◆ Records for this task ◆
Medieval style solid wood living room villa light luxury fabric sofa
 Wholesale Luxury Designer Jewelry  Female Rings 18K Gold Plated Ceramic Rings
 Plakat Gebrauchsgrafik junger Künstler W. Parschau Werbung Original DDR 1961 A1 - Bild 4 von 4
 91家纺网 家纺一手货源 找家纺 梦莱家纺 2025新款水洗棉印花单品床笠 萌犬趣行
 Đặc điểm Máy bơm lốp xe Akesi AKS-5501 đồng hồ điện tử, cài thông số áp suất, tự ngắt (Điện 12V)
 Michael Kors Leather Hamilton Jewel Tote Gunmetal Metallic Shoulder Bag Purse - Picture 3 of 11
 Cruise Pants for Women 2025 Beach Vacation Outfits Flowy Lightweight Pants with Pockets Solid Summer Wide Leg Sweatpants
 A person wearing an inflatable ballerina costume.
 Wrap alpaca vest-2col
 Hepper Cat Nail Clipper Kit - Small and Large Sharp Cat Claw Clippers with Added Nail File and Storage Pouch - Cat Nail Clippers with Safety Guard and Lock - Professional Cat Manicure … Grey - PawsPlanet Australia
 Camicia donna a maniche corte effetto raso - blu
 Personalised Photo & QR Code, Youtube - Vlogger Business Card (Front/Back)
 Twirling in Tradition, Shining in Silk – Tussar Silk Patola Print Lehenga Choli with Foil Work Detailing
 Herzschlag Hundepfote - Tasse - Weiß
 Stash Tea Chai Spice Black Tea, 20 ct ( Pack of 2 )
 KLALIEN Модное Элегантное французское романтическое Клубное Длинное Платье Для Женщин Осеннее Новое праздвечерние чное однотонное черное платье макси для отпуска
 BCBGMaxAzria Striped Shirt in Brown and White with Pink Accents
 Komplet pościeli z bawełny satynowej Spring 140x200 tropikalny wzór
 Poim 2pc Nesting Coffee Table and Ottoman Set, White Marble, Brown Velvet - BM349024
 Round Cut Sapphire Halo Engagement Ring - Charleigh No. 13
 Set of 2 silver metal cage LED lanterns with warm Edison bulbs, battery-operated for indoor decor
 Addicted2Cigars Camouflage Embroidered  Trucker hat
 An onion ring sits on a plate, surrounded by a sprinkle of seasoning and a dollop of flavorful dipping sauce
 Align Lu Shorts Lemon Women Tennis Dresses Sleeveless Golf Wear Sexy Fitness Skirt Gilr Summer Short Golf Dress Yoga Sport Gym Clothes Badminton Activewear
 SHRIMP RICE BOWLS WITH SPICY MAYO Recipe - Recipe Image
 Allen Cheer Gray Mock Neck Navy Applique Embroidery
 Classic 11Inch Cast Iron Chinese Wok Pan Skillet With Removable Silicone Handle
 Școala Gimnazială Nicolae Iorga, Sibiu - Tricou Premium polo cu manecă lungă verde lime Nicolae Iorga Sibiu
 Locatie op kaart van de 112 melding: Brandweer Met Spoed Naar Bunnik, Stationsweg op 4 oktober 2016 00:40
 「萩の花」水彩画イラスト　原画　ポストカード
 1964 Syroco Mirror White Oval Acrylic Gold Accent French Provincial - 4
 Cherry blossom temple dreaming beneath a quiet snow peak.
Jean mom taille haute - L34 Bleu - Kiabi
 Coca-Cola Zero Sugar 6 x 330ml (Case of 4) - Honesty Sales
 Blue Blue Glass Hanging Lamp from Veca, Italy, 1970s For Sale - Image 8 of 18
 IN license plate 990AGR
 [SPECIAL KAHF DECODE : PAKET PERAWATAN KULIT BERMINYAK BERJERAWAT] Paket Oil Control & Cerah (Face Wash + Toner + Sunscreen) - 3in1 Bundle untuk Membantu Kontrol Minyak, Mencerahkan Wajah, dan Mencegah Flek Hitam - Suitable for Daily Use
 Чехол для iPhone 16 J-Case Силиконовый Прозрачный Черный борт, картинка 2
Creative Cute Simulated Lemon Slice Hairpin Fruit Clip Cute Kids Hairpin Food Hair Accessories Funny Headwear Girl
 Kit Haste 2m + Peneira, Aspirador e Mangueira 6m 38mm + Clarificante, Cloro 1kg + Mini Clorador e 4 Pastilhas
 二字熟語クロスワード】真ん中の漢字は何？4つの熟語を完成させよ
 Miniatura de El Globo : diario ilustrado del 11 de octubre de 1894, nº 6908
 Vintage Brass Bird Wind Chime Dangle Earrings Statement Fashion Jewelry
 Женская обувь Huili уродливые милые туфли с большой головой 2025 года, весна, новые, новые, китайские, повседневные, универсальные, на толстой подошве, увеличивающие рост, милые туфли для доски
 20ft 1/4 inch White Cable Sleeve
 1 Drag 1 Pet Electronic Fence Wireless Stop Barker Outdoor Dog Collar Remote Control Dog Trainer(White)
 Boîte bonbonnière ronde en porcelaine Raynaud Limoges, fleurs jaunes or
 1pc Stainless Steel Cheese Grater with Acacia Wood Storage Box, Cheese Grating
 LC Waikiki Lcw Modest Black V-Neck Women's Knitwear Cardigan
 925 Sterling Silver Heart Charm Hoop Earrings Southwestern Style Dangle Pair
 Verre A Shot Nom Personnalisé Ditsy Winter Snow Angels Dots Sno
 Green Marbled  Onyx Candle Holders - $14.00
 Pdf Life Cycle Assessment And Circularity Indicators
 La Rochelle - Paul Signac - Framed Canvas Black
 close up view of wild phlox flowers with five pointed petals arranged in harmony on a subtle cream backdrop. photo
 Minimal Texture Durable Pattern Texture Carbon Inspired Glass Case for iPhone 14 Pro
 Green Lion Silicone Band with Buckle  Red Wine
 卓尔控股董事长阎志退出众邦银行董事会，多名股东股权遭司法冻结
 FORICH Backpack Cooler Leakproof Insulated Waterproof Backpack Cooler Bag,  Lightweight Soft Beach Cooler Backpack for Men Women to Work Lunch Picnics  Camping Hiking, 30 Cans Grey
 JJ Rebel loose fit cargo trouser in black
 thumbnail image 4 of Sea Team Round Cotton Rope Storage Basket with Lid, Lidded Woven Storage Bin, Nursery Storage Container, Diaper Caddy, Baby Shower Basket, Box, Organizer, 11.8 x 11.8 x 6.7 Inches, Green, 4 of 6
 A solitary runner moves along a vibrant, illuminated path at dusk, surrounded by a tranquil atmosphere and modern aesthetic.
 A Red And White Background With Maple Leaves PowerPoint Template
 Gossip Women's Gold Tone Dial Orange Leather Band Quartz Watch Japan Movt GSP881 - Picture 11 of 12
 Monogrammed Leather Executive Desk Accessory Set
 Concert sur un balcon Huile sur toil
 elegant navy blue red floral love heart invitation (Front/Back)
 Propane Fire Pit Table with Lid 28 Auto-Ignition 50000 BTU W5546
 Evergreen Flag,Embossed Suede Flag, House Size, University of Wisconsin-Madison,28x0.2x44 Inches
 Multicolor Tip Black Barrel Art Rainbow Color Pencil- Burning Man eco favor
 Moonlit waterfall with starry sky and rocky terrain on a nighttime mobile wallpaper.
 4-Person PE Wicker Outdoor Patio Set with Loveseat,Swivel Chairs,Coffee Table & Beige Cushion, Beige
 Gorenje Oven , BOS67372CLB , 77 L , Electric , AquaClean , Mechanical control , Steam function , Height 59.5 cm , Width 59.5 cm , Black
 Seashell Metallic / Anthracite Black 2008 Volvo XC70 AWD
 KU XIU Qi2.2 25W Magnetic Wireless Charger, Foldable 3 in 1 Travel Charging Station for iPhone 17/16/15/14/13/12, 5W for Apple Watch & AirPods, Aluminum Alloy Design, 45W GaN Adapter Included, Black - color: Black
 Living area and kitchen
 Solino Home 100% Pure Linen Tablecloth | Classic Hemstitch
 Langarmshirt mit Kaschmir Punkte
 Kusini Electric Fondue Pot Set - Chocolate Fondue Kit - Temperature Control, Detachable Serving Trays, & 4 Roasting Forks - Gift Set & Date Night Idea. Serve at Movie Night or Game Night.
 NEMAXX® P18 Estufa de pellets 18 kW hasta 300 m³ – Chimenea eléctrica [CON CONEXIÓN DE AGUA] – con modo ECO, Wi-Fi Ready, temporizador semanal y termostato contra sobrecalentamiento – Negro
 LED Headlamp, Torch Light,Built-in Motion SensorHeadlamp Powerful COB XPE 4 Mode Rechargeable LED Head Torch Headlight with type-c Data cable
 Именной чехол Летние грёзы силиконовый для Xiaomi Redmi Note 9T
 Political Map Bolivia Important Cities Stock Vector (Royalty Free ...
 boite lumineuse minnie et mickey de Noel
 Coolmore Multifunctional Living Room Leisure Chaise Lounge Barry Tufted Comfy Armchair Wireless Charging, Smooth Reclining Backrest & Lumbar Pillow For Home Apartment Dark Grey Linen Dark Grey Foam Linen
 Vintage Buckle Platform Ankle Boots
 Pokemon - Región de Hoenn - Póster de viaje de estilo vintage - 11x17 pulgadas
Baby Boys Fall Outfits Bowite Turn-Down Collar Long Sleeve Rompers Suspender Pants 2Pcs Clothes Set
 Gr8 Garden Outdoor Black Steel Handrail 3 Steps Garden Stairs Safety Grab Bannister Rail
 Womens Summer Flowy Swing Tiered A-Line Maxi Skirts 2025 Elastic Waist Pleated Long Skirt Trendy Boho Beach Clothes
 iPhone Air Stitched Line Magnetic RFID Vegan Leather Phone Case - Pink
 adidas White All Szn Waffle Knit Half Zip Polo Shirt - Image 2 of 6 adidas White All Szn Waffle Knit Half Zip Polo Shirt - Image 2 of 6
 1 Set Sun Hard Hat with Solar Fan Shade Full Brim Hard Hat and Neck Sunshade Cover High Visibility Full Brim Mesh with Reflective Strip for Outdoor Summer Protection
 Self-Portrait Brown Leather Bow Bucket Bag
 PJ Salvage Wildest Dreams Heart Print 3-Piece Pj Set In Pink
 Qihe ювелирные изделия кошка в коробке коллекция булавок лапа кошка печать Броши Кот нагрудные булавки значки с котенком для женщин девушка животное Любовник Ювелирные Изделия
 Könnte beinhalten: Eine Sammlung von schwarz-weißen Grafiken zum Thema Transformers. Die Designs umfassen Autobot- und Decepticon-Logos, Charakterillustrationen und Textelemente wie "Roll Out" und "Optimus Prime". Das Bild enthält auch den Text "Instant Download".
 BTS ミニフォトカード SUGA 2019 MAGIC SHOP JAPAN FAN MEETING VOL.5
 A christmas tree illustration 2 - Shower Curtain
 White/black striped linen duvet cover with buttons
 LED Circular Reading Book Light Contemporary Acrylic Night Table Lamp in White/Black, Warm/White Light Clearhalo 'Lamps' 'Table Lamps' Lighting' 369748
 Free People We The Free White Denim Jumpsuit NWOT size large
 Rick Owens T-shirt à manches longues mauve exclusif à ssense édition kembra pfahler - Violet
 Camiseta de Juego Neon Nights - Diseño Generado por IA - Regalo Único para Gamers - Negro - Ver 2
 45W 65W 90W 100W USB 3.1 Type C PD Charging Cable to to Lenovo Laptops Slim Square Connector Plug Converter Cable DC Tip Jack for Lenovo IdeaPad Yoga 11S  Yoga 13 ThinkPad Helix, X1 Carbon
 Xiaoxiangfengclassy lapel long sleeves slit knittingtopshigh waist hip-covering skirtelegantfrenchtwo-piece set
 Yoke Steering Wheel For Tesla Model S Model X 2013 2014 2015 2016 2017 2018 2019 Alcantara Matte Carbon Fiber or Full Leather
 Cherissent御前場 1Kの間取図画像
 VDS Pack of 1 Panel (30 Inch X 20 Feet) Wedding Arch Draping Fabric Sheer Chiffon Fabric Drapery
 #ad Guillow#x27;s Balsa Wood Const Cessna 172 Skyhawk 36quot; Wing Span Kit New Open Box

◆ Problem ◆
In the entries above, find the line with "Propane Fire Pit" and the line with "4-Person PE Wicker", then restate word for word both of them and every line between, with nothing more.

◆ Solution for this problem ◆
 Propane Fire Pit Table with Lid 28 Auto-Ignition 50000 BTU W5546
 Evergreen Flag,Embossed Suede Flag, House Size, University of Wisconsin-Madison,28x0.2x44 Inches
 Multicolor Tip Black Barrel Art Rainbow Color Pencil- Burning Man eco favor
 Moonlit waterfall with starry sky and rocky terrain on a nighttime mobile wallpaper.
 4-Person PE Wicker Outdoor Patio Set with Loveseat,Swivel Chairs,Coffee Table & Beige Cushion, Beige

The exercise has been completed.